I didn't know there were any coondogs in GA. 

Sure is a lot of coonhounds though.


----------



## Tree Blazin (Sep 29, 2010)

Well I'd have to say everybody that feeds one has the best or they wouldn't keep feeding it...


----------



## all ticked up (Sep 29, 2010)

i cant belive ga dawg hasent melted this page down lol


----------



## GA DAWG (Sep 29, 2010)

all ticked up said:


> i cant belive ga dawg hasent melted this page down lol


I can promise one thing...It want be a blue kennel that gets the top honor in this question..Thats a fact..


----------



## Mrs. Armytaco (Sep 29, 2010)

all ticked up said:


> i cant belive ga dawg hasent melted this page down lol


----------



## Dreamer69 (Sep 29, 2010)

I would have to say a guy that I used to hunted with in southeast Ga. Where I used to live. He had the best dogs I ever seen. We hunted 5 to 6 nights a week with his dogs and they would naturally get out there and hunt. I hunted a AKC hunt for the first time in my life with his dog and got 1st place that night. First time that dog was competition hunted and that was my first hunt too.. I sure do miss those days down there. Moved here and not hardly anyone coon hunts or wants you to go with them. Down there it was always something for a bunch of us to get together and go. Just different here. He doesnt comp hunt pleasure hunter only. But he has the best dogs.

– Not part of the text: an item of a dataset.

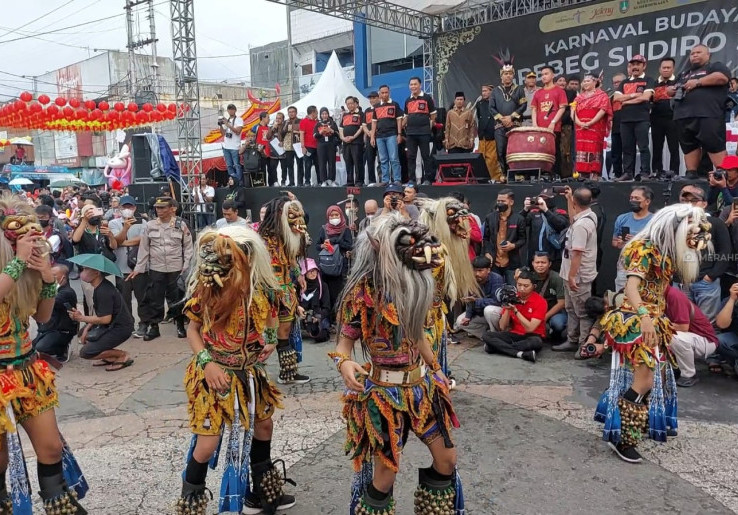 Warga Kecopetan saat Ikuti Grebeg Sudiro Solo, Gibran Minta Maaf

Wont disclose any names on here, But I do miss him and the coon hunting. I even have one of his dogs now with me but nowhere to go up here.


----------



## 1022 (Sep 29, 2010)

I'd say old Dutch would be hard to beat.


----------



## tree daddy 7 (Sep 29, 2010)

Brian Ratliff said:


> I didn't know there were any coondogs in GA.
> 
> Sure is a lot of coonhounds though.



Aint that truth!!!


----------



## hollerin big (Sep 29, 2010)

Well I guess it really just depends on who ya ask, one things for sure though it would have to be a walker.


----------



## Old Blue21 (Sep 29, 2010)

Well around here i know of one walker that is tough to beat and this man dont comp hunt at all but she is a fine hound very fast!


----------



## cooner (Sep 30, 2010)

well you know


----------



## fishfinder1 (Sep 30, 2010)

I dont know for sure but i think its me. sorry guys I had to.


----------



## Ricky Harrington (Sep 30, 2010)

I do not own hin but train is a coondog


----------



## NCHillbilly (Sep 30, 2010)

I know a feller that has a three-legged blind feist that's awful good.......


----------



## crackerdave (Sep 30, 2010)

Ricky Harrington said:


> I do not own hin but train is a coondog



Ricky, you know I'm no coonhunter, but that dog you brought when y'all came to the youth hunt at West Point WMA was one heckuva dawg! I'd like to know more about him,if you don't mind talkin' about it on here.


----------



## william ashley (Sep 30, 2010)

I would think joey and ben do. Atleast as for as UKC goes in the top 25 in the world. Think that covers GA


----------



## GA DAWG (Sep 30, 2010)

As far as multiple dogs go..Gotta be Billy Cochran..He owns some great ones..


----------



## plottman25 (Sep 30, 2010)

It sure aint anything in my lot


----------



## jaybo81 (Sep 30, 2010)

Ricky Harrington said:


> I do not own hin but train is a coondog



Money train??


----------



## jaybo81 (Sep 30, 2010)

I know the marchants down around hazelhurst can sure put em out!!


----------



## Ricky Harrington (Sep 30, 2010)

yes terry and joe money train   dave the dog at the youth hunt is all coondog two she is a good as it gets


----------



## big wheel (Sep 30, 2010)

hey ga dawg is billys old sacketts cyanide dawg still living?i used to hunt with him ,steven and josh back when cy was still on the circuit he was a good hound!!


----------



## GA DAWG (Sep 30, 2010)

big wheel said:


> hey ga dawg is billys old sacketts cyanide dawg still living?i used to hunt with him ,steven and josh back when cy was still on the circuit he was a good hound!!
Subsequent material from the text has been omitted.